TRY IT:
Type out the lines below exactly, pictures excluded.

DATA SHOWN:

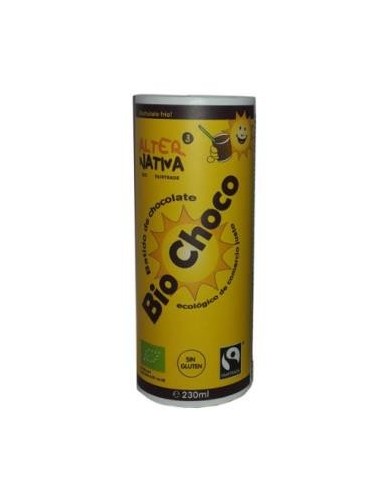 Batido De Chocolate 230Ml. Eco Sg de Alternativa 3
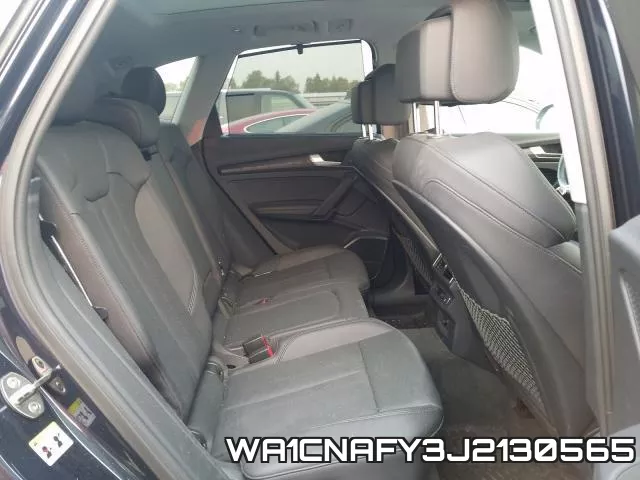 WA1CNAFY3J2130565 фото 7
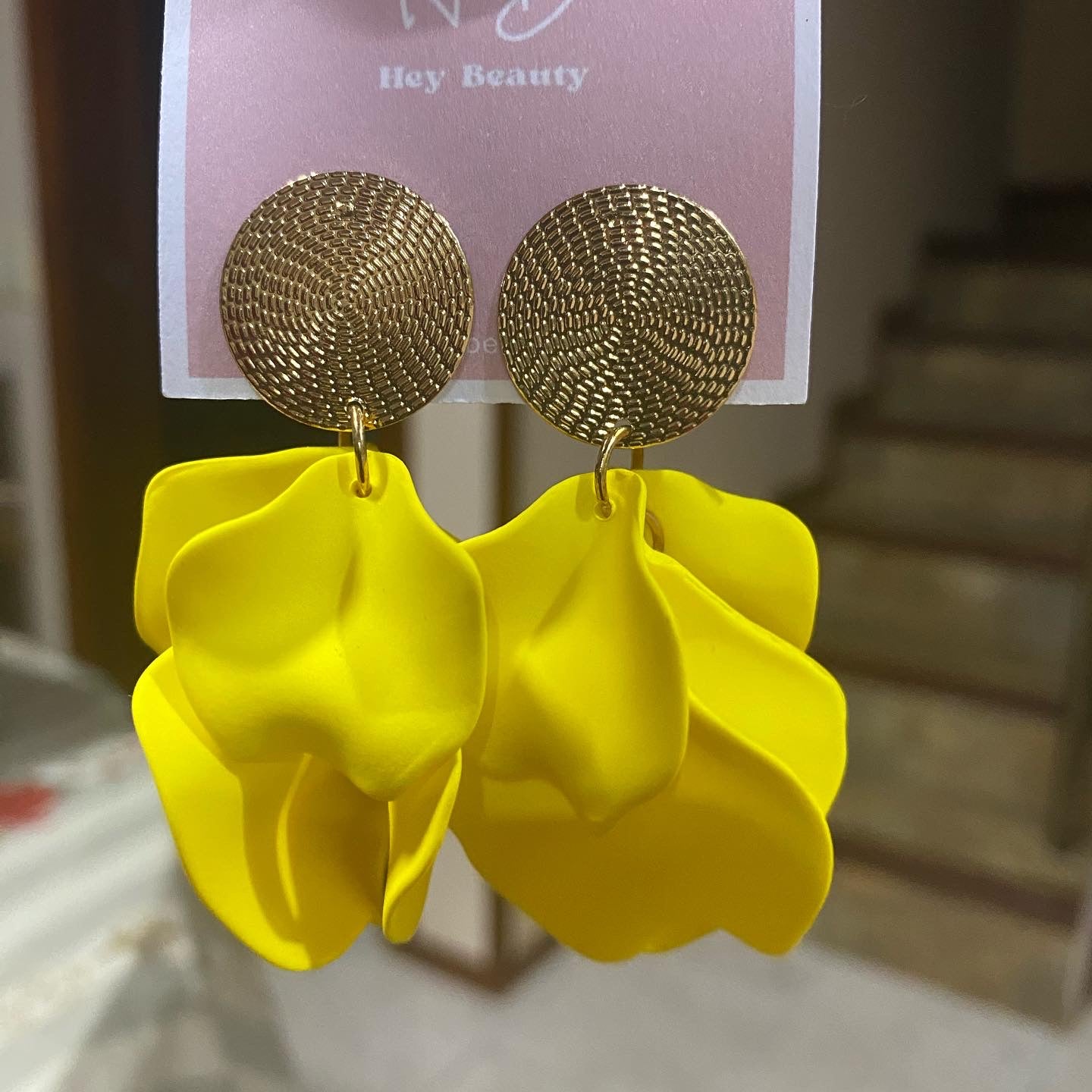 Petalos varios colores con CLIPS
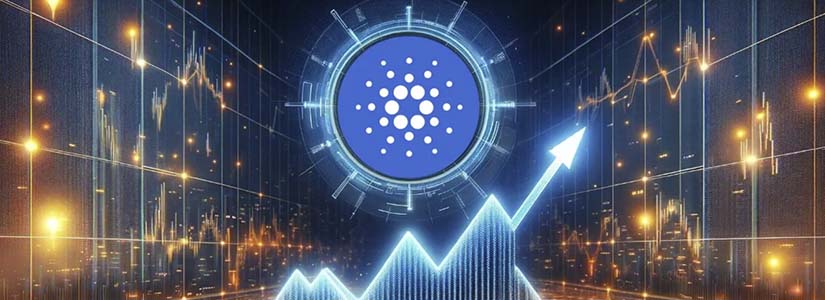 Cardano ADA Witnesses Phenomenal 100% Surge in Trading Volume Amid Price Recovery Speculations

RESULT BELOW:
 Batido De Chocolate 230Ml. Eco Sg de Alternativa 3
 WA1CNAFY3J2130565 фото 7
 Petalos varios colores con CLIPS
 Cardano ADA Witnesses Phenomenal 100% Surge in Trading Volume Amid Price Recovery Speculations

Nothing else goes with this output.